A Young Planetary-mass Object in the the ρ Oph Cloud Core

Kenneth A. Marsh et al 2010 ApJ 709 L158-L162
http://www.iop.org/EJ/abstract/2041-8205/709/2/L158/

Stellar clouds are very distant high-density cloud structures where stars are born. A very small object has been found in the ρ Oph cloud core. Cases of planetary-sized objects existing in clusters have been observed before and they are generally only white dwarfs with masses about 13 times that of Jupiter and less.

The big mystery related to the formation of such objects is through what mechanism can there be enough cooling inside a very hot region like a stellar cloud that such a dense and compact object could form (i.e. in order for gravity to overcome the high gas pressure due to the high temperature, strong cooling is needed).

Looking at the near-infrared spectrum, the colors indicate the presence of a low-mass brown dwarf.
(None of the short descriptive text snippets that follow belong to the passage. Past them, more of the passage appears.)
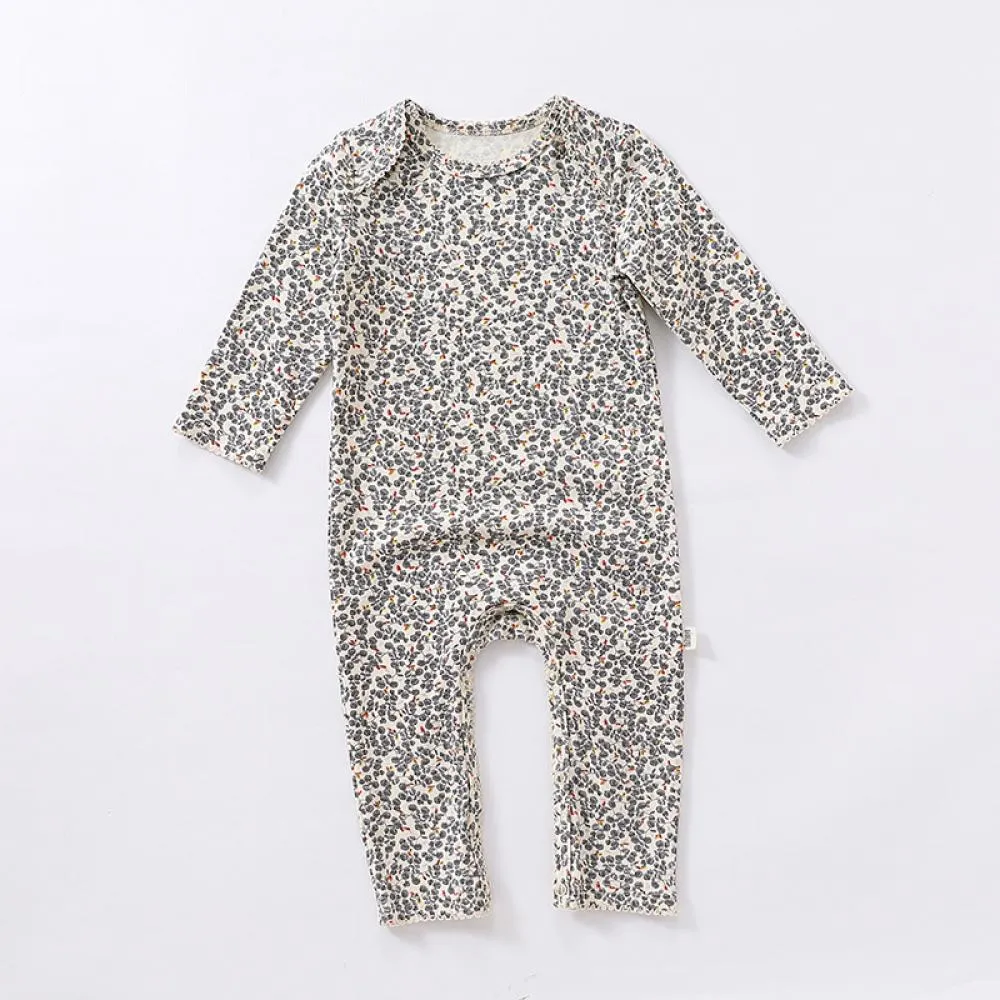 Autumn Infant Long Sleeve One Piece Cotton Floral Romper Wholesale Baby Clothes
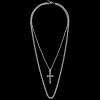 Collier pour hommes - Black Crossed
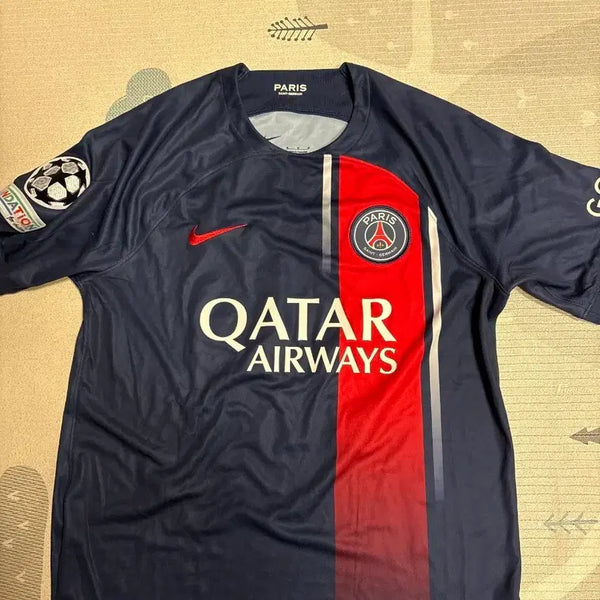[BUNJANG] Paris Saint-Germain (PSG) 2023-2024 Champions League Home Jersey - Lee Kang-in Debut Season / 현지 홈구장 구매) 23-24 PSG 이강인 데뷔 시즌 챔스 유니폼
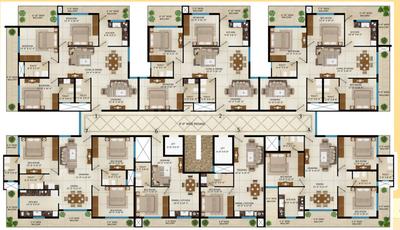 Project Image of 1776 Sq.ft 3 BHK Apartment / Flat for sale in Jivan Vihar for Rs. 7200000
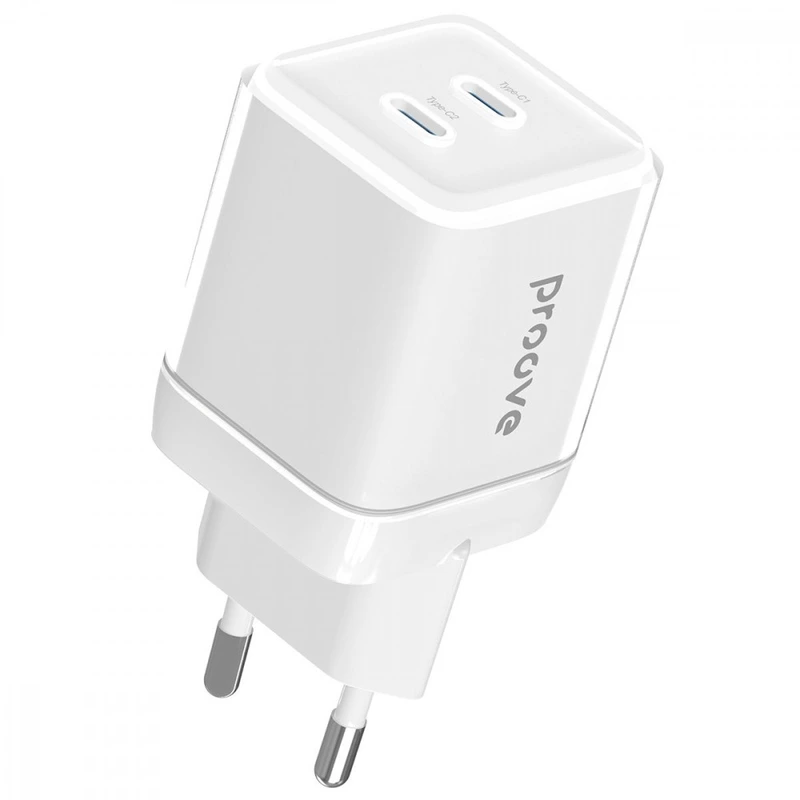 МЗП Proove Pure GaN Max 67W (Type-C + Type-C) white — Proove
The region is also very young and it has a high rate of low-mass star formation. Marsh et al. 2010 looked at this cloud also because it is closer than most similar clouds, so the detections are better.

The observational data is in the form of spectroscopic images and it comes from the Two Micron All Sky Survey (2MASS) and from Spitzer IRAC (Infrared Array Camera). The selection was done for brown dwarfs with a relatively low temperature (<2000K) and the objects were found by looking at the K-band continuum images.

The data was fitted with a photospheric model to a grid of synthetic spectra. The spectral morphology is what shows that the brown dwarf is an early T spectral type star, characteristic that is determined from its temperature. It is possible that it might be the youngest star and least massive T-dwarf found so far.